> **Work to complete**:
Reproduce the listing that follows in full. Omit its images.

> **Dataset excerpt**:
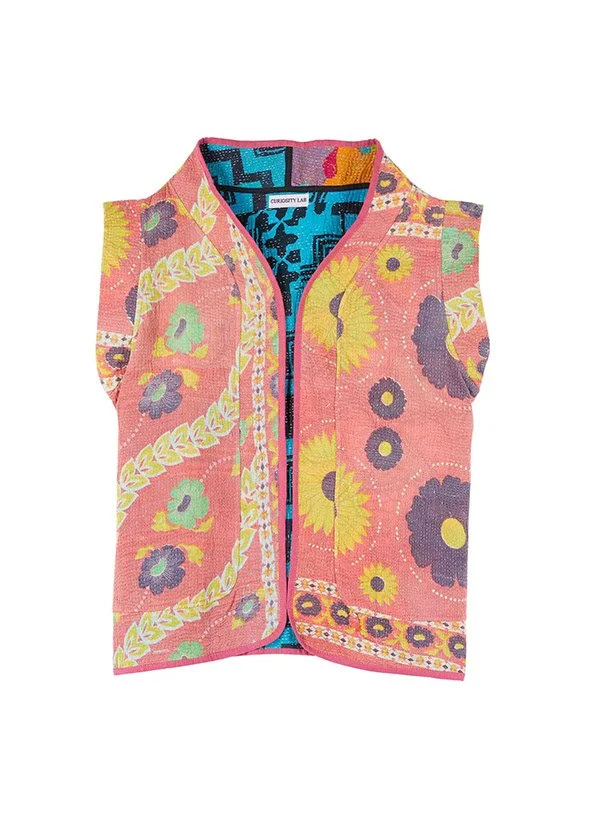 Gilet sans manches à motifs floraux jaunes, violets et verts sur fond rose, avec une doublure intérieure bleue aux motifs géométriques.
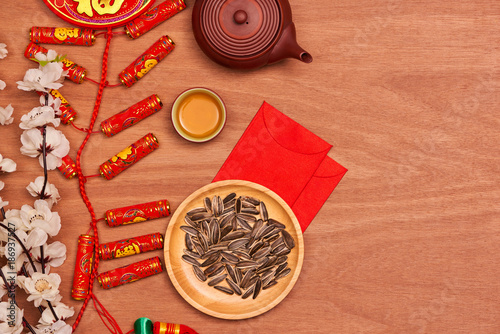 Flat lay Chinese new year new year table top shot. Toddler stealing food from table.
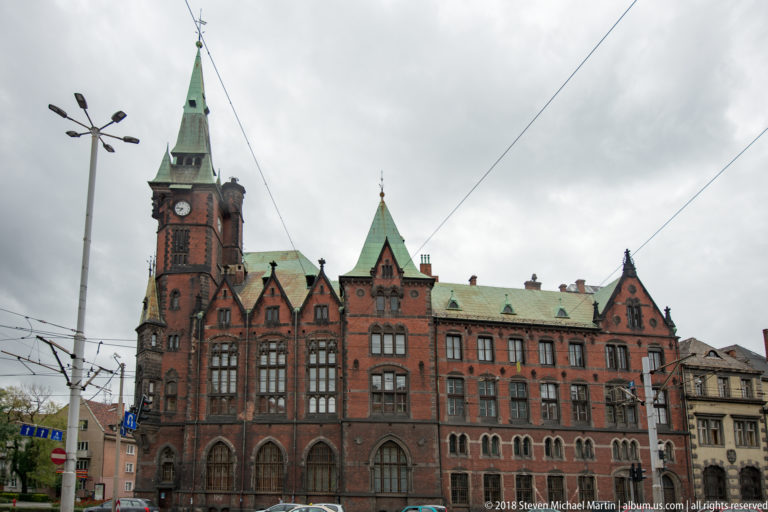 Large red-brick Neo-Gothic building with central clock tower, pointed gables, arched windows, and tram wires.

> **Exercise solution**:
 Gilet sans manches à motifs floraux jaunes, violets et verts sur fond rose, avec une doublure intérieure bleue aux motifs géométriques.
 Flat lay Chinese new year new year table top shot. Toddler stealing food from table.
 Large red-brick Neo-Gothic building with central clock tower, pointed gables, arched windows, and tram wires.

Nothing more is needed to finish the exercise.